Once everything is configured and working you can log out and let the cacheing being. It helps to click through the site to allow the cache to build up, but this will happen automatically if your site gets a decent amount of traffic. In the AWS control panel you can check on your cache cluster in the CloudWatch tab where you can keep track of how much memory and cpu is being utilized at any given time. You can also set up alerts so that if you run out of cache, you get notified so you can easily add some nodes.

We hope to employ this same cacheing cluster on our main cooperhewitt.org website, as well as a number of our other web properties in the near future.

Media servers and some open sourceness

We use Amazon S3 for a good portion of our media hosting. It’s a simple and cost effective solution for serving up assets big and small. When we moved initially to Drupal 6.x ( about a year ago ) I wanted to be sure that we would use S3 for as many of our assets as possible. This tactic was partly inspired by wanting to keep the Drupal codebase nice and clean, and also to allow us to scale horizontally if needed ( multiple app servers behind a load balancer ).

Horizontal Scaling

Horizontal Scaling

So in an attempt to streamline workflows, we modified thisĀ amazon_s3 Drupal module a little. The idea was to allow authors to easily use the Drupal node editor to upload their images and PDFs directly to our S3 bucket. It would also rewrite the URLs to pull the content from our CloudFront CDN. It also sorts your images into folders based on the date ( a-la-Wordpress).

amazon_s3

Our fork of amazon_s3 rewrite the URL for our CDN, and sorts into folders by date.
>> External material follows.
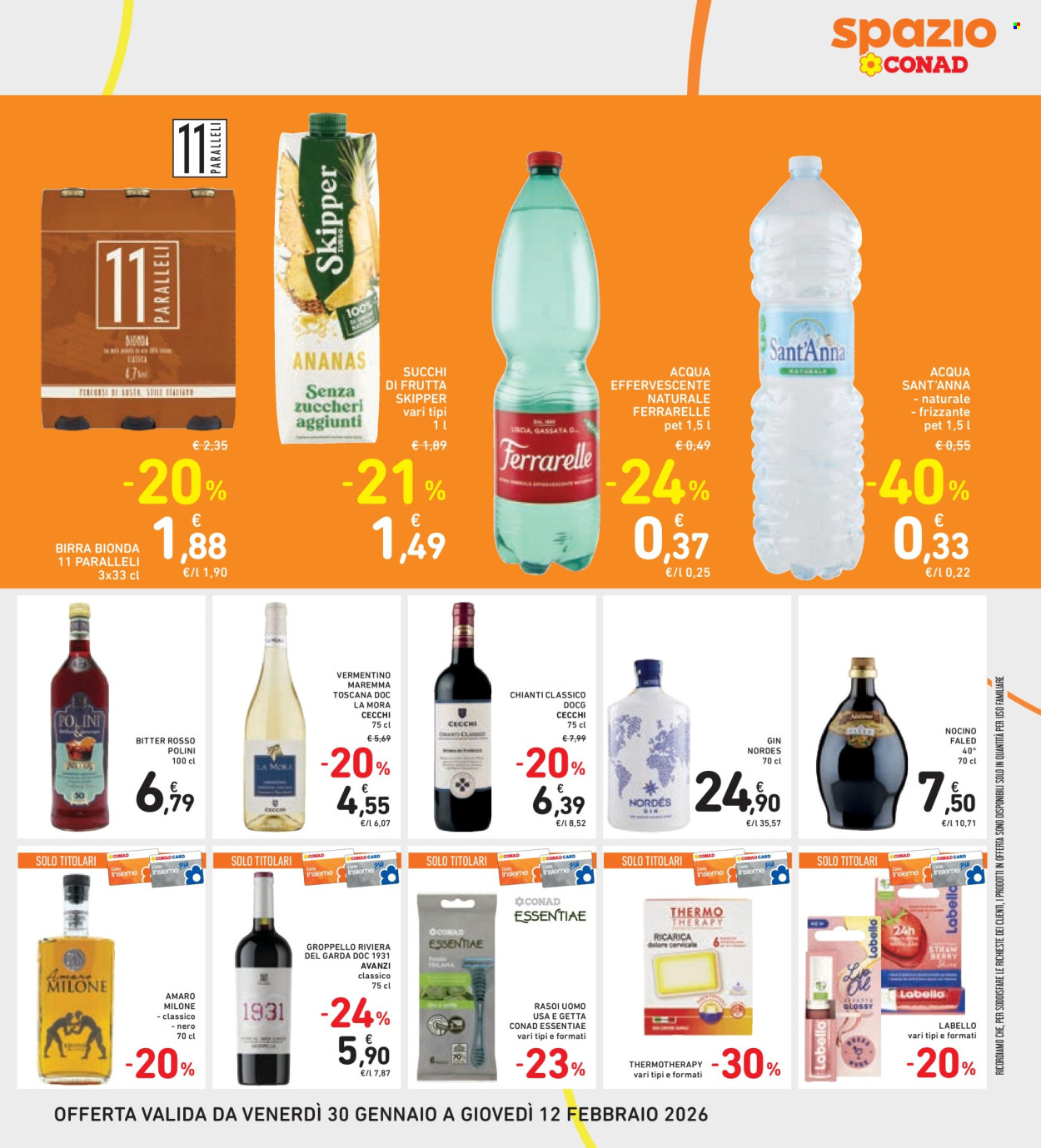 Volantino Spazio Conad - 30/1/2026 - 12/2/2026. Pagina 25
I’ve opened sourced that code now which is simply a fork of the amazon_s3 module. It works pretty well on Drupal 6.x. It has an issue where it uploads assets with some incorrect meta-data. It’s really only a problem for uploaded PDFs where the files will download but won’t open in your browser. This has to do with the S3 metadata tag of application/octet-stream vs. application/pdf. All in all I think its a pretty useful module.
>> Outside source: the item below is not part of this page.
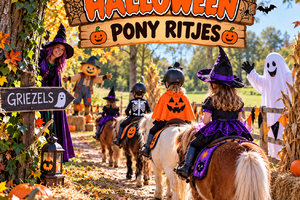 Halloweenrit voor kinderen van 4 tot 10 jaar!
As we move towards migrating to Drupal 7, I have been doing some more research about serving assets via S3 and CloudFront. Additionally, it seems that the Drupal community have developed some new modules which should help streamline a few things

Custom Origin

Create a CloudFront distribution for you whole site using a custom origin

As of a couple years ago Amazon’s CloudFront CDN allows you to use a custom origin. This is really great as you can simply tell it to pull from your own domain rather than an S3 bucket.

So for example, I set this blog up with a CloudFront distribution that pulls direct from http://labs.cooperhewitt.org. The resultant distribution is at http://d2y3kexd1yg34t.cloudfront.net. If you go to that URL you should see a mirror of this site. Then all we have to do is install a plugin for WordPress to replace static asset URLs with the CloudFront URL. You might notice this in action if you inspect the URL of any images on the site. You can of course add a CNAME to make the CloudFront URL prettier, but it isn’t required.
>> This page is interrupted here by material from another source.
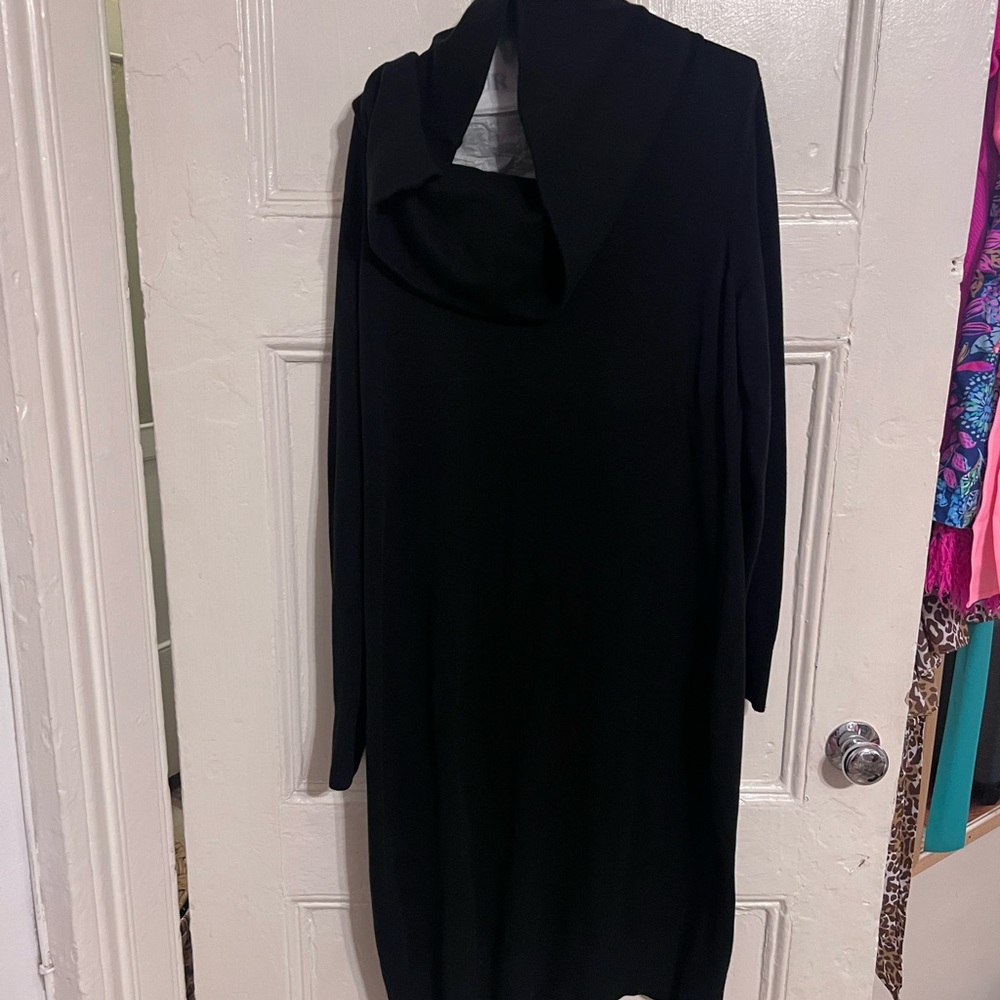 XL Tall black Ann Taylor Sweater Dress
On the Drupal end of things, there is a simple module called CDN that does the same thing as we are doing here via the WordPress W3TC plugin. It simply replaces static asset files with your CloudFront domain. Additionally, I see there is now a new Drupal module called amazons3 ( note the lack of the underscore ). This module is designed to allow Drupal to replace it’s default file system with your S3 bucket. So, when a user uploads files through the Drupal admin interface ( which normally sends files to sites/default/files on your local server ) files automatically wind up in your S3 bucket.

I haven’t gotten this to work as of yet, but I think it’s a promising approach. Using this setup, you could maintain a clean and scalable Drupal codebase, keeping all of your user uploaded assets on an S3 bucket without much change to the standard workflow within the Drupal backend. NICE!